**TASK BRIEF**
Copy, pictures aside: the lines below from the one that holds "2013 Kia Ceed" through the final line of the listing, both ends included, exactly as they are and nothing else.

**COLLECTED DATA**
################

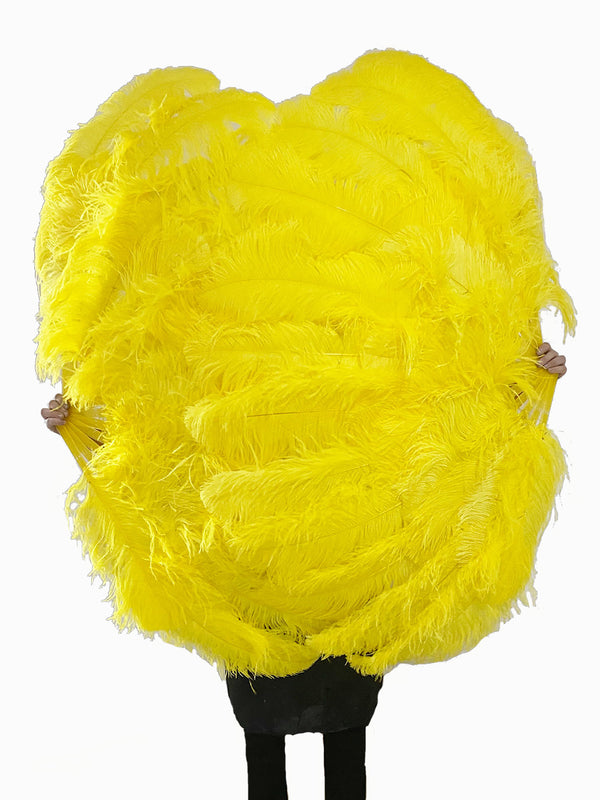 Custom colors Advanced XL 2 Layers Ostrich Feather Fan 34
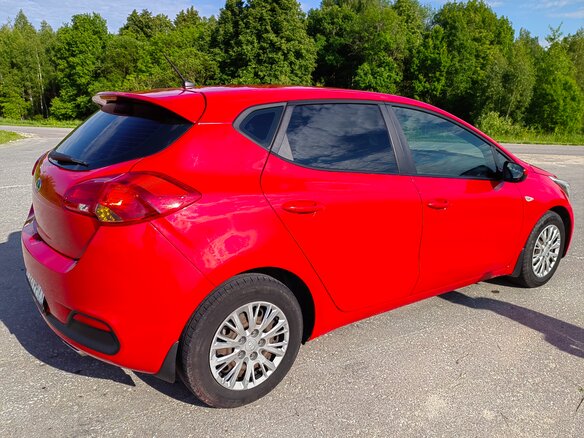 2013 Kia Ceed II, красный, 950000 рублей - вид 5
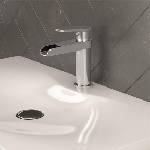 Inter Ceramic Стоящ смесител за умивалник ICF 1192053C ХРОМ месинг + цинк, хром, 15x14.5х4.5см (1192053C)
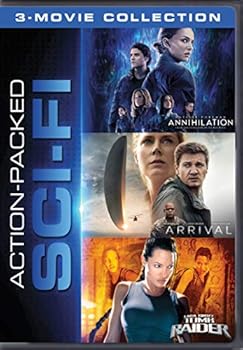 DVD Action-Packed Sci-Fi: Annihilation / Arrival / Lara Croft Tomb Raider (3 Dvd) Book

################

**ANSWER TO THIS TASK**
 2013 Kia Ceed II, красный, 950000 рублей - вид 5
 Inter Ceramic Стоящ смесител за умивалник ICF 1192053C ХРОМ месинг + цинк, хром, 15x14.5х4.5см (1192053C)
 DVD Action-Packed Sci-Fi: Annihilation / Arrival / Lara Croft Tomb Raider (3 Dvd) Book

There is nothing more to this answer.